YARGITAY KARARI
DAİRE : 5. Hukuk Dairesi
ESAS NO : 2022/9011
KARAR NO : 2023/2812
KARAR TARİHİ : 21.03.2023
MAHKEMESİ :Asliye Hukuk Mahkemesi
KARAR : Kabul
Taraflar arasındaki 4650 sayılı Kanun’la değişik 2942 sayılı Kamulaştırma Kanunu’nun (2942 sayılı Kanun) 10 uncu maddesine dayanan yapı ve ağaçların kamulaştırma bedellerinin tespiti davasında verilen karar hakkında yapılan temyiz incelemesi sonucunda Dairece kararın bozulmasına karar verilmiştir.
Mahkemesince bozmaya uyularak yeniden yapılan yargılama sonucunda; davanın kabulüne karar verilmiştir.
Mahkeme kararı davacı idare, davalılar ve aslî müdahil Hazine vekilleri tarafından temyiz edilmekle; süre, temyiz şartı ve diğer usul eksiklikleri yönünden yapılan ön inceleme sonucunda, temyiz dilekçelerinin kabulüne karar verilmiştir.
Davalılar vekilince temyiz incelemesinin duruşmalı olarak yapılmasının istenilmesi üzerine, işin duruşmaya tabi olduğu anlaşılmış ve duruşma için 14.03.2023 günü tayin edilerek taraflara tebligat gönderilmiştir.

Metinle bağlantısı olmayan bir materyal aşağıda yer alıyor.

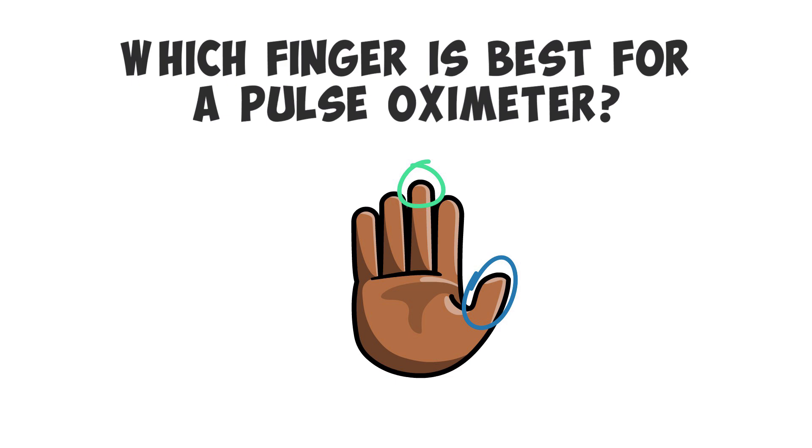This is a bit of a surprise for doctors, respiratory therapists, and medical practitioners, because the same study showed that about 80% of healthcare workers tend to clip the pulse oximeter to the patient's index finger. With that all said, the differences were negligible, and any finger — as long as the device is secure — should give you an accurate reading.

Duruşma günü davalılar vekili Avukat … ile davacı … Genel Müdürlüğü vekili Avukat … ve aslî müdahil Hazine vekili Avukat Gülsün Yılmaz Ayman gelmişlerdir.

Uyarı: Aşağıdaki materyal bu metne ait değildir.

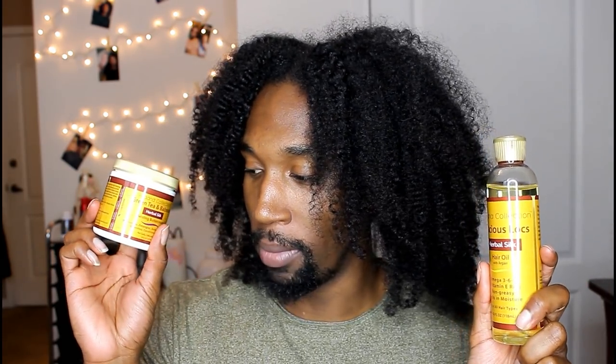Bonjour mes amis, this is Kelly Guy here and I am back with another video. Today's video is going to be a first impressions kind of review video. The products I'm going to be trying out are from this Padanas collection. This is, as far as I know, an Instagram brand, but I cannot wait to try these products out.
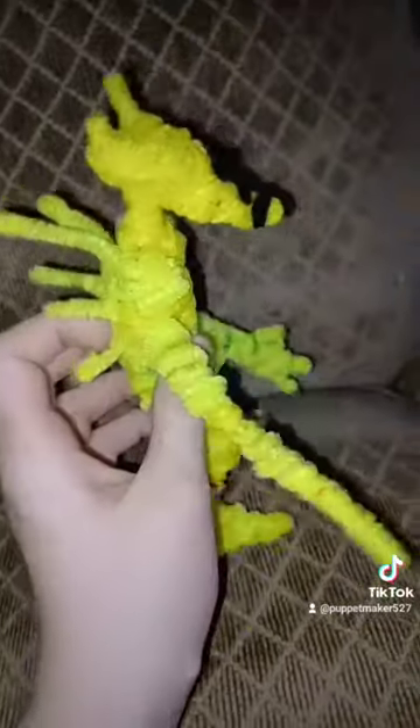The last one I made is Acacius, out of pipe cleaners, from the Godzilla India creepypasta. This is my first time making something out of pipe cleaners, and I honestly love this thing. It's really cool — this thing has articulation, and I am proud of this.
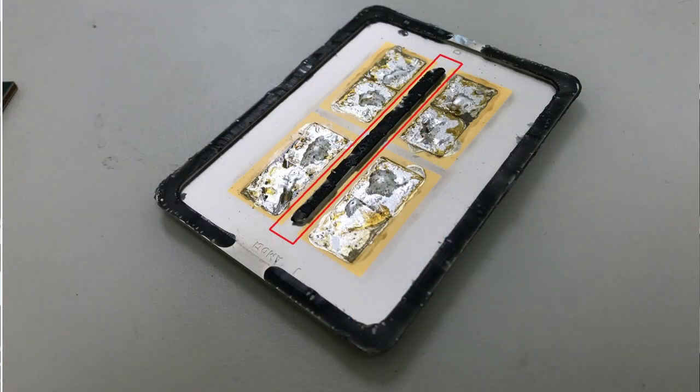From my last Threadripper delidding video, there's a stripe in the middle of the IHS holding the PCB and heat spreader together. The whole heat spreader is also glued to the PCB, and we have four dies that are soldered to the heat spreader. I want to make 100% sure we're not damaging the CPU while taking off the heat spreader, so we are using a special delidding mate for this CPU.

Duruşmaya başlanarak hazır bulunan avukatların sözlü açıklamaları dinlendikten sonra duruşmaya son verildi.
Tetkik Hâkimi tarafından hazırlanan rapor dinlendikten sonra dosyadaki belgeler incelenip gereği düşünüldü:
I. DAVA
Davacı vekili dava dilekçesinde özetle; zemini Hazineye ait Antalya ili, … ilçesi, … Mahallesi 27941 ada 8 ve 9 parsel sayılı taşınmazlar üzerindeki davalılara ait olan yapı ve muhdesatların asgari levazım bedeli ile ağaç bedellerinin tespitine karar verilmesini talep etmiştir.
II. CEVAP
1. Davalılar vekili cevap dilekçesinde özetle; kamulaştırmaya ilişkin belgelerin kendilerine tebliğ edilmediğini, idare tarafından belirlenen kamulaştırma bedelinin düşük olduğunu, belediye hizmetlerinden yararlandığını, arsa vasfında olduğunu, gerçek rayicin bulunması gerektiğini, ayrıca idarenin belirlediği kamulaştırmaya konu muhdesatların belirlenmesi işlemleri sırasında maddi hata yapıldığını, bazı seraların zeminde mevcut olmasına karşın kamulaştırma işlemine konu edilmediğini bildirip mahkemece belirlenecek kamulaştırma bedelinin faizi ile birlikte kendilerine ödenmesini talep etmiştir.
2. Aslî müdahil Hazine vekili cevap dilekçesinde özetle; zemini Hazineye ait taşınmazlar üzerindeki muhdesatların 19.07.2003 tarihinden sonra yapıldıklarını bildirip bu muhdesatların da Hazineye ait olduğunu, 4706 sayılı Kanun gereğince muhdesatların bedelinin Hazineye ödenmesini talep etmiştir.
III. MAHKEME KARARI
Mahkemenin 29.07.2013 tarihli ve 2011/463 Esas, 2013/483 Karar sayılı kararı ile davanın kabulüne karar verilmiştir.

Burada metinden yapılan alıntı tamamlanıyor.